From learning Braille herself, Moon discovered that it is confusing to remember the exact position of the dots. As a result she goes on to develop a more universal and exact method of communication. She explores the use of numbers and number functions as a form of writing. Her fascination with numbers lies in their universal quality and how prevalent and useful they are in our contemporary society.
This experimentation with numbers can be seen clearly in her piece where she sets two identical battery-powered clocks next to each other, referencing Felix Gonzalez-Torres’ piece“Untitled (Perfect Lovers).” Moon transforms his traditional representation of time into an abstract form by removing the actual hours of the clock and replacing them with the words “Perfect Lovers” written in English Braille number codes. Although the numbers on the clock now represent “Perfect Lovers” instead of actual time the clocks still operate as functional clocks correctly synchronized with each other.
Still exploring the concept of time, Jaye Moon references On Kawara’s date paintings. Here she connects herself with On Kawara by using the same sizes, colors and compositions of his paintings. However she replaces the numbers in his paintings that represent dates with English Braille number codes that translate into dirty words that people refrain from using in public. Again here she is removing the idea of traditional time and date and using the number system to deliver a message. She uses a universal system of communication but makes it indistinguishable by putting it in code.
Moon goes further to explore her interest in public and private notions by referencing Tracey Emin’s neon text sign piece “People Like You Need To Fuck People Like Me”. Moon recreates the Emin piece, but translates Emin’s confessional text into her English Braille number code. By doing this Moon makes Emin’s message once again private and undecipherable while keeping the statement in the form of a public neon sign.
In addition to the number coded pieces Moon also installs texts made out of lego blocks as street art.

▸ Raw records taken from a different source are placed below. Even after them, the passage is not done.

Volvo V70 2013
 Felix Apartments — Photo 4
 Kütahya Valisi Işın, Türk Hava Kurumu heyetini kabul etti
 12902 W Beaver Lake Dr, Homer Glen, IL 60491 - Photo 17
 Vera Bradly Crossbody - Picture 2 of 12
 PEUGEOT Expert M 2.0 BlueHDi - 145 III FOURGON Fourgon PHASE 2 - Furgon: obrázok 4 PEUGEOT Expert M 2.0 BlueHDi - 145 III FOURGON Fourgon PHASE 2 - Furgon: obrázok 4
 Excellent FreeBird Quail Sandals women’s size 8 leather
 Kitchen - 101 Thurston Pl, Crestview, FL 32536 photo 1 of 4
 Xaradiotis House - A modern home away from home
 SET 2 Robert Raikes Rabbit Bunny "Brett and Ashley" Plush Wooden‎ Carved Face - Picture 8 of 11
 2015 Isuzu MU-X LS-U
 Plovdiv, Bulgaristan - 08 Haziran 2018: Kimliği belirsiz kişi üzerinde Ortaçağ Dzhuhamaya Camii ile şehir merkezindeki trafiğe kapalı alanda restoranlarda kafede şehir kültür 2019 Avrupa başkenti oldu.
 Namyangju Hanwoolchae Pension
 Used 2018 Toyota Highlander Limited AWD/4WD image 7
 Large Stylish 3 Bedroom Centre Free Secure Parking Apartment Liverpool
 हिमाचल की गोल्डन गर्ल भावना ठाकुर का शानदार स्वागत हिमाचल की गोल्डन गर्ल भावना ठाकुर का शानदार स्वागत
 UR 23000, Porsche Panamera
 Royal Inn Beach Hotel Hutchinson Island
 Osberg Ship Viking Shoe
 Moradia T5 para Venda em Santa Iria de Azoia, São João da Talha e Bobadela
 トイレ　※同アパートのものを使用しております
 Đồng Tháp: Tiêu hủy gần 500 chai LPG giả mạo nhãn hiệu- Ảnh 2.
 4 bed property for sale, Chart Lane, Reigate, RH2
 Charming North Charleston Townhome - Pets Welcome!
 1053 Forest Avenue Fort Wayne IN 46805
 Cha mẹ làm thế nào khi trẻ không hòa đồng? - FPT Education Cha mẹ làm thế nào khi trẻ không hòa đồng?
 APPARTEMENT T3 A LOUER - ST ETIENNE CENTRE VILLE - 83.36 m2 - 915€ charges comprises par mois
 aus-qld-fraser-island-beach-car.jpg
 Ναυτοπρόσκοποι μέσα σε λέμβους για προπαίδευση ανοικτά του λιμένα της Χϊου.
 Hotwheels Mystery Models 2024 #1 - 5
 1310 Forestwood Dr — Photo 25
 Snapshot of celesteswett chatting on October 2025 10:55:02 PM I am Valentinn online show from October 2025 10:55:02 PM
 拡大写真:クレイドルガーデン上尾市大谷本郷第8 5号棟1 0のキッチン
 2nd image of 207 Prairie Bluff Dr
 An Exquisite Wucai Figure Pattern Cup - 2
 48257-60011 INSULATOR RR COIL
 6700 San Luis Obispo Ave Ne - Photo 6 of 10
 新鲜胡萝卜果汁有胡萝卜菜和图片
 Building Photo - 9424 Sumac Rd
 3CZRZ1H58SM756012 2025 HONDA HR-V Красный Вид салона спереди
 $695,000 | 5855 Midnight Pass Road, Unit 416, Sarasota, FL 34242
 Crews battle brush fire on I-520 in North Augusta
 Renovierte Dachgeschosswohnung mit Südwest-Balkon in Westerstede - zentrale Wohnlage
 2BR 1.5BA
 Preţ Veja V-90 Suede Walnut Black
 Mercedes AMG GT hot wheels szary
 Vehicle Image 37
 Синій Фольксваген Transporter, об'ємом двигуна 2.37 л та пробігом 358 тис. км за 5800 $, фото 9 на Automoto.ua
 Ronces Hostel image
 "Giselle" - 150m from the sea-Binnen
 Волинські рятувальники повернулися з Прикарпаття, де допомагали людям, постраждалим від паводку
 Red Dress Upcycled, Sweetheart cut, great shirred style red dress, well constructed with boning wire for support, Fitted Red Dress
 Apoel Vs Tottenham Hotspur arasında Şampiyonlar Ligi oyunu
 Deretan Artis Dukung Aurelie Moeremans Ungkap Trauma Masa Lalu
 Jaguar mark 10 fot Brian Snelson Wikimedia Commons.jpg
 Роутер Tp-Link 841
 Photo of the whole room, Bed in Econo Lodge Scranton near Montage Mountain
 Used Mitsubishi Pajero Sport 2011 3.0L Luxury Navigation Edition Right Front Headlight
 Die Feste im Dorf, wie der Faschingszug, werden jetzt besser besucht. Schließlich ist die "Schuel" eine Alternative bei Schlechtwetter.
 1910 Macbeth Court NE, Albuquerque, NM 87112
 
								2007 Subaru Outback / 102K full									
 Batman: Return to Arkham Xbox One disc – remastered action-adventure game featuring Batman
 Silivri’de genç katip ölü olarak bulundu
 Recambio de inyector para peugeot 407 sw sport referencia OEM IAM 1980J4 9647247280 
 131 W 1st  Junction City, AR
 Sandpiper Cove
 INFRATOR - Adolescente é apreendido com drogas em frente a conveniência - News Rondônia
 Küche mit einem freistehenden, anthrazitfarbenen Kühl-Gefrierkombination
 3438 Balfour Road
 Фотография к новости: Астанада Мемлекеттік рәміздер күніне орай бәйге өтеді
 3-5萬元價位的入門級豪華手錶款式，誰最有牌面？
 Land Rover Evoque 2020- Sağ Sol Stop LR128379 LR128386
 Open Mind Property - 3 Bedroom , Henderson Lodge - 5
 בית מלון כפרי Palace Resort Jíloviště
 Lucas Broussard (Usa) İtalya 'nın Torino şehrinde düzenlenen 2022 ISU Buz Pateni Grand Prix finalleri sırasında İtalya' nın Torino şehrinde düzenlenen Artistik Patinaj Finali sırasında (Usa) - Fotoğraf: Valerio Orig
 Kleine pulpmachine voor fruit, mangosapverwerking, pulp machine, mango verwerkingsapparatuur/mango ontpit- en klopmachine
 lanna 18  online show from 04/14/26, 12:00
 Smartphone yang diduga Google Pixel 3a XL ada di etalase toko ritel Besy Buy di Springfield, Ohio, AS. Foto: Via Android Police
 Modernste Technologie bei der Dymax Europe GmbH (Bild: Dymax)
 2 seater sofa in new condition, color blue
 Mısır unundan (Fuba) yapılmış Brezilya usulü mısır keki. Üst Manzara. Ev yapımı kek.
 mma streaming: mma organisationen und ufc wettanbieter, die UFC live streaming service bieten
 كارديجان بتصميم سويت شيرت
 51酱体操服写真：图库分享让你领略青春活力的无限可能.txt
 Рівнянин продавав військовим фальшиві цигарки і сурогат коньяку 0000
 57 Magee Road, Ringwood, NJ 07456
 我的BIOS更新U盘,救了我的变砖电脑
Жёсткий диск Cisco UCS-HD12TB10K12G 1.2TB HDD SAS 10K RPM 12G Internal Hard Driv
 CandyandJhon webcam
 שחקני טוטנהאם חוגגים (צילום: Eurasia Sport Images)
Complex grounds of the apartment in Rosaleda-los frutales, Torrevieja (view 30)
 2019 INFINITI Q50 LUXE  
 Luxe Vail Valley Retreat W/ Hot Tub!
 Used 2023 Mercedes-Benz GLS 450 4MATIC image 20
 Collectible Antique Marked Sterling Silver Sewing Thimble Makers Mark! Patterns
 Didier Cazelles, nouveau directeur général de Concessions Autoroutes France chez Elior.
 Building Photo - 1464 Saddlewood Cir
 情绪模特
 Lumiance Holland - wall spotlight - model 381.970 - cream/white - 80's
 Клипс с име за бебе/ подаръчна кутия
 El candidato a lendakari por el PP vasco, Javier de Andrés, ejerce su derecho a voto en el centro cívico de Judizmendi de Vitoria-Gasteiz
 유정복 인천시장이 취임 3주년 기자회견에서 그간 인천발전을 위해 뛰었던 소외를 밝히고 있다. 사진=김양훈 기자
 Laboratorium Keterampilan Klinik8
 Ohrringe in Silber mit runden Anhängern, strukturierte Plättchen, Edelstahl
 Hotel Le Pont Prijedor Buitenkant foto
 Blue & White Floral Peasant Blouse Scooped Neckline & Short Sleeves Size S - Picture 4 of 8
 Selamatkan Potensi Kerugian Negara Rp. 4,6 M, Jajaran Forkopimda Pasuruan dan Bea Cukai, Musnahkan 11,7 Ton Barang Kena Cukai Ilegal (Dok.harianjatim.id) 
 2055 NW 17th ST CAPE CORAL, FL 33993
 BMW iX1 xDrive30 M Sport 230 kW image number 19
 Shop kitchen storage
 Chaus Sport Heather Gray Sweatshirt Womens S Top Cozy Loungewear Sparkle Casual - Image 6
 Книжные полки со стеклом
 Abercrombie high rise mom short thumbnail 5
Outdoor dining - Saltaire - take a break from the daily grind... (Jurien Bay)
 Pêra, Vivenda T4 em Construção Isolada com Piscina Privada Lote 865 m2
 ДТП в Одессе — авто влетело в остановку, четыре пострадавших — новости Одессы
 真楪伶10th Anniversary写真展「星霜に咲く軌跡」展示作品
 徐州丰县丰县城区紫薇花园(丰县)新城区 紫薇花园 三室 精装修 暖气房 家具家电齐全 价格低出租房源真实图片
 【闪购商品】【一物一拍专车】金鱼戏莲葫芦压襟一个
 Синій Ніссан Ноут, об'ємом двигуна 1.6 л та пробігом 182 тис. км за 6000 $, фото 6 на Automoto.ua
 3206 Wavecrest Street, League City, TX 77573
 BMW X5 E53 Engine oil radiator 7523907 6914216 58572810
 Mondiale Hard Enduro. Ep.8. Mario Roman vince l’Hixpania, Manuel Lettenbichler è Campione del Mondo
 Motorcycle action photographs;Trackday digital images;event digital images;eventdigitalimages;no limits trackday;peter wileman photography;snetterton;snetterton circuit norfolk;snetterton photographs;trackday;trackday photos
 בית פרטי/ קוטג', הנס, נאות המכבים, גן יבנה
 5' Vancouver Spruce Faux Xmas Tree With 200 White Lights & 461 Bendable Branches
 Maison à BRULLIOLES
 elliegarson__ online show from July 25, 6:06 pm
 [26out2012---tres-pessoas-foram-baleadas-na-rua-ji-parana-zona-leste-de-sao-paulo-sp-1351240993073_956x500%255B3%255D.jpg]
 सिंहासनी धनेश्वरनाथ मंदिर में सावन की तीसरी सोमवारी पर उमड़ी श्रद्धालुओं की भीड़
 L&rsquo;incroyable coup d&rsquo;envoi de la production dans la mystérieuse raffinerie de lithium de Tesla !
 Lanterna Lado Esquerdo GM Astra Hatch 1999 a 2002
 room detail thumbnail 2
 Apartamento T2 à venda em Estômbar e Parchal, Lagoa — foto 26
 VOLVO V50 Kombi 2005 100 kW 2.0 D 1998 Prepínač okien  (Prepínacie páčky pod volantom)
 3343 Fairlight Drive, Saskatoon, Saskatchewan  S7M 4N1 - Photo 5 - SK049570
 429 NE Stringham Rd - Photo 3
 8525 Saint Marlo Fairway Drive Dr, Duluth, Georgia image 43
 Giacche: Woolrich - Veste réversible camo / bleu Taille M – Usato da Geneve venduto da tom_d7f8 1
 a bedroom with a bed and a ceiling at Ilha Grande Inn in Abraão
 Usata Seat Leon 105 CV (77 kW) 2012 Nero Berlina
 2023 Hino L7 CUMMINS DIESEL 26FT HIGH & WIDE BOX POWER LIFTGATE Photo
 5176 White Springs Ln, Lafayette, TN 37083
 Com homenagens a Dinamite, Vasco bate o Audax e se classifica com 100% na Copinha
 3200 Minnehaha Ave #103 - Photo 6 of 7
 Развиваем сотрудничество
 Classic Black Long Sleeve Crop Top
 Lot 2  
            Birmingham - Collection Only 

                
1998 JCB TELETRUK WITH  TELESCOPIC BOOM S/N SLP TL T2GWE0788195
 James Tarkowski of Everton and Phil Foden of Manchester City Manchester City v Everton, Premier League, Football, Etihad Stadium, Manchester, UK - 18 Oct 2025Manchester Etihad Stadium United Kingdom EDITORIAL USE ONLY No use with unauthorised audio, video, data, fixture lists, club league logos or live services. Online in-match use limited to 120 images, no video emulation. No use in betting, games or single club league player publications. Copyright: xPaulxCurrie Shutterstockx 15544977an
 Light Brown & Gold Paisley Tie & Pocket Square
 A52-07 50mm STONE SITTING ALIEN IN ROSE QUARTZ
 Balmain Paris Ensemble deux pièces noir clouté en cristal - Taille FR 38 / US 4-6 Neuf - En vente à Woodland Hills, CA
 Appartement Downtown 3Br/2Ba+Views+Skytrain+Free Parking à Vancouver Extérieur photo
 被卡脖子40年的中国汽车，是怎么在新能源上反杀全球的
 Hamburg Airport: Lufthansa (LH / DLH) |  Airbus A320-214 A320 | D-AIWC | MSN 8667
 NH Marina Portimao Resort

One of the texts, “I AM STILL ALIVE” by On Kawara will be shared with passerby.
In this show Jaye Moon is exploring the two sided nature of expressing ourselves with numbers. Using numbers to represent ourselves and to communicate can be practical but as a result our emotions become less personal. The use of numbers in Moon’s work break all the rules of her own interpretation but still maintain true meaning encoded underneath the surface. The numbers become abstract, minimal and emotional and at the same time all expressing a clear sense of humor.
Jaye Moon is a Brooklyn based artist. She received her MFA from Pratt Institute. She has previously exhibited at the DUMBO Arts Center, White Columns, Artists Space, Galeria Max Estrella in Madrid, Spain and Gallery Momo in Tokyo, Japan. In 2006 she won the Pollack Krasner Foundation Grant.
This fall she will participate in the CJ Art Studio Residency program in Korea.